(Source data):
======

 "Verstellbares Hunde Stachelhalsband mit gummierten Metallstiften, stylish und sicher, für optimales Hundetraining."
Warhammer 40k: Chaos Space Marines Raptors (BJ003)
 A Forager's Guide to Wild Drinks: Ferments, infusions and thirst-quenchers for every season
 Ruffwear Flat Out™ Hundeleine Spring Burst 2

======

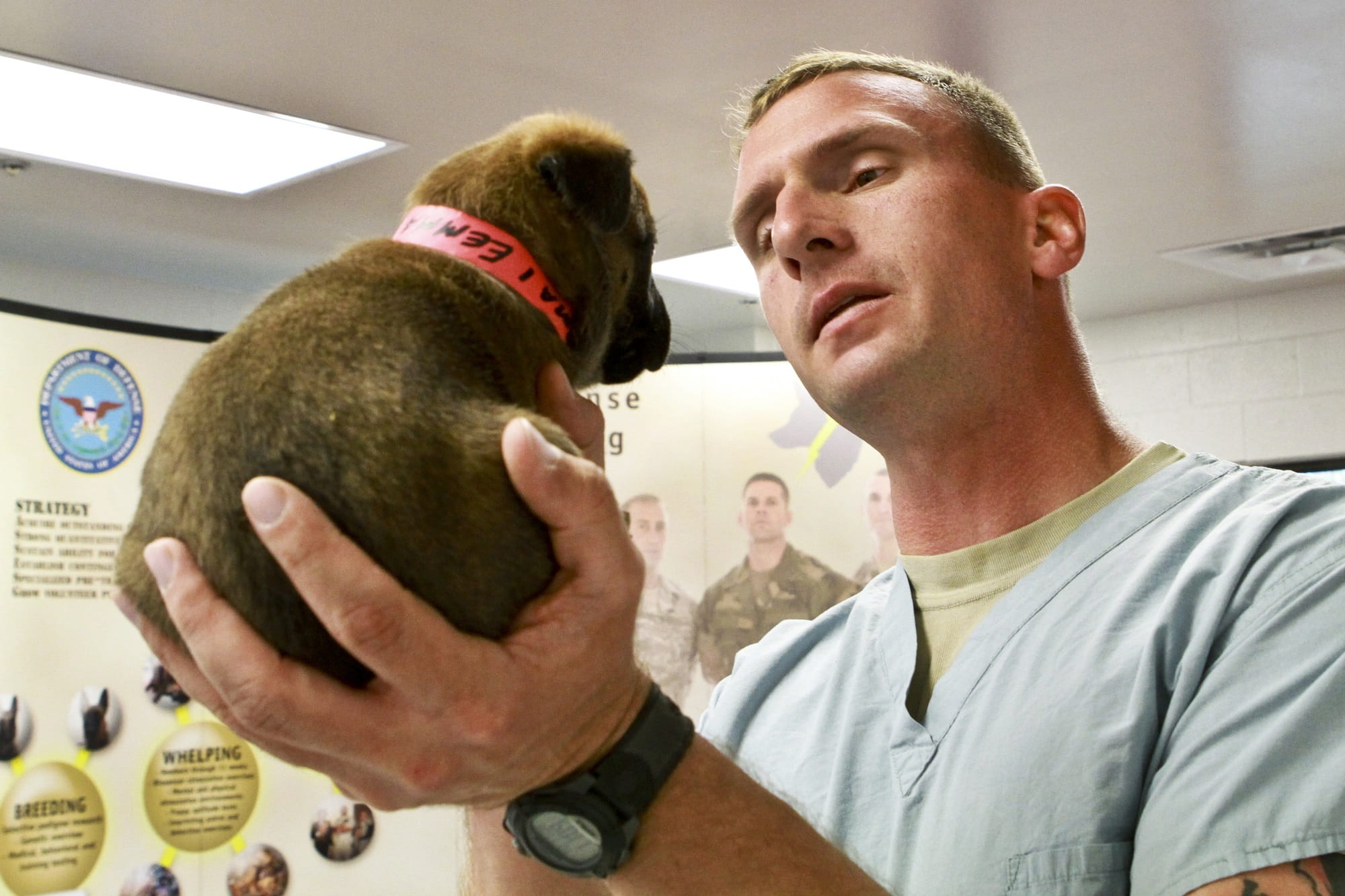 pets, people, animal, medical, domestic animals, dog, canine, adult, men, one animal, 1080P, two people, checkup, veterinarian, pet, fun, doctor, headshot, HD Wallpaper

======

(How to complete this task): Return a word-for-word copy of the lines above from the one holding "A Forager's Guide" through the one holding "Ruffwear Flat Out™ Hundeleine Spring Burst 2", with both of them included and nothing besides.

(Output of the task):
 A Forager's Guide to Wild Drinks: Ferments, infusions and thirst-quenchers for every season
 Ruffwear Flat Out™ Hundeleine Spring Burst 2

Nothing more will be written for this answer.